Has the New York Times discovered the Samsung Galaxy S IV's amazing killer feature

There has a been a lot of heat in the past few weeks about the Samsung Galaxy S IV’s hardware? Will it run the latest version of Android? Will it have a 13 mega pixel camera? How big will the screen be?

However there’s an intriguing article in the New York Times today that suggests that the new handset’s killer feature might actually be software-based rather than hardware.

It cites a person who has apparently tried the phone, raving about a new feature called Eye Scrolling.

As the NYT says

The phone will track a user’s eyes to determine where to scroll.For example, when users read articles and their eyes reach the bottom of the page, the software will automatically scroll down to reveal the next paragraphs of text.

Wooah, read that again. So the phone will be intelligent enough to work out when you have finished reading a page and skip to the next. No more constantly swiping pages on ebooks, or having to push the screen up to read new paragraphs on web pages.

It sounds like one of the most significant breakthroughs in mobile phone technology for a long time.

But how will it work and what technology will it use? The NYT’s source is keeping schtum.

There is some evidence to back up the paper’s claims. Samsung has filed for trademarks for the name ‘Eye Scroll’ in both the US and Europe. The US patent says it is a

“Computer application software having a feature of sensing eye movements and scrolling displays of mobile devices, namely, mobile phones, smartphones and tablet computers according to eye movements; digital cameras; mobile telephones; smartphones; tablet computers.”

The company’s current phone, the Galaxy S III, has a feature, Smart Stay, that uses its front-facing camera to know to keep the screen lit up when a person is looking at it instead of dimming it automatically.

But will Eye Scrolling kick in automatically, or will you have to fire it up? What if you constantly move your eyes around – how will it respond? What will the impact be on battery life?

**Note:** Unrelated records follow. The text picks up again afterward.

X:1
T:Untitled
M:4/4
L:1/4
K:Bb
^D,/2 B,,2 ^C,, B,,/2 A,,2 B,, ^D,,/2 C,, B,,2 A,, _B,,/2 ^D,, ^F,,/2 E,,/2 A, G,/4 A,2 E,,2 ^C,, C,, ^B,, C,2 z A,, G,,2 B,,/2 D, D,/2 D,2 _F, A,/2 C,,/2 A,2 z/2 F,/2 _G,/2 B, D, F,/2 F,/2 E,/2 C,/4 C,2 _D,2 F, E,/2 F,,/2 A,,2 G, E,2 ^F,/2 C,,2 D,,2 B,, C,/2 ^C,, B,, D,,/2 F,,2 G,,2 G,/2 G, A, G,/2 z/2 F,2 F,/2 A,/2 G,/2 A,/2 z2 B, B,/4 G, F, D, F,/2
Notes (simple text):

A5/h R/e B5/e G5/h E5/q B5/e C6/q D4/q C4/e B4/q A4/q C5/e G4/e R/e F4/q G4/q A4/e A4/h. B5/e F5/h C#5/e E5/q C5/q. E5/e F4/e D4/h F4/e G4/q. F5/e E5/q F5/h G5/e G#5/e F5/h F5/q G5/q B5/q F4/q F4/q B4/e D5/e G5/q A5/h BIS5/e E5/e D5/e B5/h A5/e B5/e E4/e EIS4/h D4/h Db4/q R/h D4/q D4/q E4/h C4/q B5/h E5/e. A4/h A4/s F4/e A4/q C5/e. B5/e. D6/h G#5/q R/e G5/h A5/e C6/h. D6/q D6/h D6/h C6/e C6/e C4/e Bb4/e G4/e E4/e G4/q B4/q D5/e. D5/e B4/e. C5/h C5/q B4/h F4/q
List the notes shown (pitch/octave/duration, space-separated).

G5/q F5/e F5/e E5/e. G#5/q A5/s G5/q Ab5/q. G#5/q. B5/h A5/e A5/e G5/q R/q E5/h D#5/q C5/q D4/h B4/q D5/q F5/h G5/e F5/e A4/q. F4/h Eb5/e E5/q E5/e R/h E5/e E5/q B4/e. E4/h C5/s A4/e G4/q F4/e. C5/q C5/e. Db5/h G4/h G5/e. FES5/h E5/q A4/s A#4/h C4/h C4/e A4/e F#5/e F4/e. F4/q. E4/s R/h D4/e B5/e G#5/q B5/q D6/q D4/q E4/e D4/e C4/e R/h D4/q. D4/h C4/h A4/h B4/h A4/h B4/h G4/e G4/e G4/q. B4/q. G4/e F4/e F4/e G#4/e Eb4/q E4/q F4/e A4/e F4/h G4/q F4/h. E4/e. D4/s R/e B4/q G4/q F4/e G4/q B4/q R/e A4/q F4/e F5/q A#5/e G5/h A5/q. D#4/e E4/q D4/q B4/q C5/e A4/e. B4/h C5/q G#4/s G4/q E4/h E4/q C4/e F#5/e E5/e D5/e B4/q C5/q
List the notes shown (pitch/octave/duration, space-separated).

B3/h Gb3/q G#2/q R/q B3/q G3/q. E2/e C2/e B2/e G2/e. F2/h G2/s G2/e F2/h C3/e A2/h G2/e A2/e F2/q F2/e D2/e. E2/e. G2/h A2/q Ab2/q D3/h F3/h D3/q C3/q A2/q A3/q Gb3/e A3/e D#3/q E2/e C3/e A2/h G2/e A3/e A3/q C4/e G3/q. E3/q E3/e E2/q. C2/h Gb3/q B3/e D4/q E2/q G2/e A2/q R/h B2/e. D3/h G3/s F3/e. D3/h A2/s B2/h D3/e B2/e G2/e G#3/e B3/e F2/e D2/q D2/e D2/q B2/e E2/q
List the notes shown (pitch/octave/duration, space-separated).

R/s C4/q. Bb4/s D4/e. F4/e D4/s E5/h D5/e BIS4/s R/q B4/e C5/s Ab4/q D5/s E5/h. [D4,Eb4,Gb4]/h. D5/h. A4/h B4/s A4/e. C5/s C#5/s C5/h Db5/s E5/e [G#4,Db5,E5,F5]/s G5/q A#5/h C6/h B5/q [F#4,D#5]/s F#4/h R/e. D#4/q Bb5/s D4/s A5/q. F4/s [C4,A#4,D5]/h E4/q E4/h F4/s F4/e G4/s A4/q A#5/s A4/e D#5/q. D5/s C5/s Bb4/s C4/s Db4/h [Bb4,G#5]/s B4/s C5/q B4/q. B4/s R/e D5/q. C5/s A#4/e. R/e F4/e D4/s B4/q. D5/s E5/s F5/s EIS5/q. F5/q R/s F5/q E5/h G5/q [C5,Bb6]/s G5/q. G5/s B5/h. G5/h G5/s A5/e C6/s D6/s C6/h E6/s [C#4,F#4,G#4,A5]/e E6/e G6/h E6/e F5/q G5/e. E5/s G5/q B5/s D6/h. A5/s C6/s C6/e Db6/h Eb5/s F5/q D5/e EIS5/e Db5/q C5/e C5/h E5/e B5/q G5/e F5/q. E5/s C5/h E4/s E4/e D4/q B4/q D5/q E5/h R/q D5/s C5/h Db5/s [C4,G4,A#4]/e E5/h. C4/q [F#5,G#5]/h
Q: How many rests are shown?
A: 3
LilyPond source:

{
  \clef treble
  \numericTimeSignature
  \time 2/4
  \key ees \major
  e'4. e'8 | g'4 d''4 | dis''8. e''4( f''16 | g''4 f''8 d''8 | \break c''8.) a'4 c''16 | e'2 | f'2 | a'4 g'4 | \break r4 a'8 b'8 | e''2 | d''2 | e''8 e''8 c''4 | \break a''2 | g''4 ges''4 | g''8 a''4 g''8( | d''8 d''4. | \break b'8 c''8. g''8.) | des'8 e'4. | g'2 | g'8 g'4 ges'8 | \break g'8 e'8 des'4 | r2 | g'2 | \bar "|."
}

Also if Eye Scroll is used on the phone I think once again it might mean that Samsung push for a larger screen – possibly five inches, maybe more, to make the most of the technology and underline how the device is ideal for web browsing or reading.

If it does arrive it will also be fascinating to see how Apple will respond. If Eye Scrolling works and is successful how long before it appears on rival handsets?